Coming home like a beast on a leash.

The End
At around race mile 38 we came to a rocky obstacle with a sandy hillclimb bypass, but unfortunately there was a broken buggy in the run up to the climb so we weaved around him but couldn't get a good hole shot at the loose climb. Then I pointed the buggy back toward the rocks, but the three-wheel drive wasn't going to get us up that way, so I returned to the hill climb for another shot. I backed up the opposite hill for as much of a run as possible, but three-quarters of the way up the sandy climb at full throttle there was a small pop! and the tires stopped spinning. I checked all the shifters and levers, and the engine still ran, but it was an NGS (No Go Situation).

I looked at Dave and wracked my brain for a solution. The only possible explanation: I had broken the output shaft on the transmission. We were dead in the desert. (After getting home and tearing it apart I found that my deduction had been correct. A stronger transmission is in the works.) As we rolled slowly back to the bottom of the hill I knew our race was over, but I was still smiling like a silly clown. I was having the best day of wheeling in a long time.

All rise for the new King of the Hammers Jason Schere! Long live the King.
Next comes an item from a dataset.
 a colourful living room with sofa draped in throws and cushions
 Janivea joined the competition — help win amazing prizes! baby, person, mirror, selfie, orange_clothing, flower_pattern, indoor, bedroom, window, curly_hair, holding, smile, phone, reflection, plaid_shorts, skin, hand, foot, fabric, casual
It took a few more hours to get out of the trail and back to our main camp, and in that time I got to use my onboard Premier Power welder to fix the other guy's broken buggy at the bottom of that sandy climb, and my rear driveshaft U-joint to get some other racers down the trail. By then my pit crew showed up and drug the busted Fun Buggy back to the trailer, and we finally busted into that ARB fridge freezer for a few celebratory beverages.

I'm not sure I'll try again next year, but if you think you can afford it you should definitely give it a try because, even making it less than half-way, I had a great time.

In the end Jason Schere was crowned the new King of the Hammers, and only a third of the field finished the race before the sun set. I'd like to congratulate them and all the racers on their hard work.

Monday after the race I called my mom and dad and told them to sell the farm because I'm going to need a lot more money for my desert rock racing career. Team Fun Buggy needs a prerunner, chase trucks, a helicopter, a few semis full of spare parts, and a bigger stereo system in the Fun Buggy for Dave.